Paper Structure (18 sections, 4 equations, 5 figures, 3 tables)

This paper contains 18 sections, 4 equations, 5 figures, 3 tables.

Figures (5)

  • Figure 1: Error analysis of 50 GSM8K problems with incorrect answers returned by CoTD using FlanT5-Base. The experimental results indicate that understanding errors and calculation errors are the major factors affecting CoTD's reasoning performance.
  • Figure 2: Detailed data generation for KPDD-CoT. Initially, we use few-shot prompting to guide LLMs in producing reasoning processes. We then discard any reasoning process that does not align with the correct answers. In this way, we have constructed a high-quality KPDD-CoT reasoning distillation dataset.
  • Figure 3: Effect of Reasoning Paths.
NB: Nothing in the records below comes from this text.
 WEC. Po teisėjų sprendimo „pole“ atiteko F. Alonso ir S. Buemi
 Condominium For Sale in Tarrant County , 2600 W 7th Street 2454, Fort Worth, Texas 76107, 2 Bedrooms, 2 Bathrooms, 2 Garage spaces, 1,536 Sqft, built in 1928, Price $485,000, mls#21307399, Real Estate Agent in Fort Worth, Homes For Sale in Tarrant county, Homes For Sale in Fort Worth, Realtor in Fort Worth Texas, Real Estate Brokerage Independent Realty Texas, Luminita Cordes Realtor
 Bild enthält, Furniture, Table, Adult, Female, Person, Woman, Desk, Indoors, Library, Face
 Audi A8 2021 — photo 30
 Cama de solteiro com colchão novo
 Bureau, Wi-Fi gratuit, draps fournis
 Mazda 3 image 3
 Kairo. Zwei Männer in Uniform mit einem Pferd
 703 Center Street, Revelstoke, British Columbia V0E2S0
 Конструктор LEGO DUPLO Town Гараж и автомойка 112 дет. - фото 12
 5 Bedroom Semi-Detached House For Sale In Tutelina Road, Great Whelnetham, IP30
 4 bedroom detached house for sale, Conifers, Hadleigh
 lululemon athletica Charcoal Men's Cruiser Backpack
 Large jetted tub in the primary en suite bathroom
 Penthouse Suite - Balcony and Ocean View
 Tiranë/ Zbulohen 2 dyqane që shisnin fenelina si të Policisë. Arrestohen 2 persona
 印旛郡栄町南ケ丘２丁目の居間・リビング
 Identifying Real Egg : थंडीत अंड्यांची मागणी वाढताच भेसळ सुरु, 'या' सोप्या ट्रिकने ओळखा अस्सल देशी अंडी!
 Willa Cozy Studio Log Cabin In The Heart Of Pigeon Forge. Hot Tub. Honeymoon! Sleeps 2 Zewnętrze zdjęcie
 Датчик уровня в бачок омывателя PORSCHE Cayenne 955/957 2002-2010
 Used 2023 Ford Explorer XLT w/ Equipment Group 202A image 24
We fine-tune FlanT5-Base with different reasoning paths to analyse the effect of reasoning paths. The experiment results shows that diverse reasoning paths can improve SLMs' reasoning performance.
  • Figure 4: Error Analysis for SLMs. We conducted an error analysis of four different categories of distillation methods. The experiment results show that integrating multiple key points of the questions can significantly reduce SLMs' understanding errors, enhance the comprehension of the questions and further improve the reasoning performance of SLMs.
  • Figure 5: Detailed data generation for KPDD-PoT. Similar to KPDD-CoT, we prompt LLMs to generate the reasoning process in the KPDD-PoT format. We extract the rationale in the PoT format from this process and run it through a Python interpreter. If there are errors or incorrect answers, we discard the reasoning process. Finally, we constructed a high-quality KPDD-PoT reasoning dataset.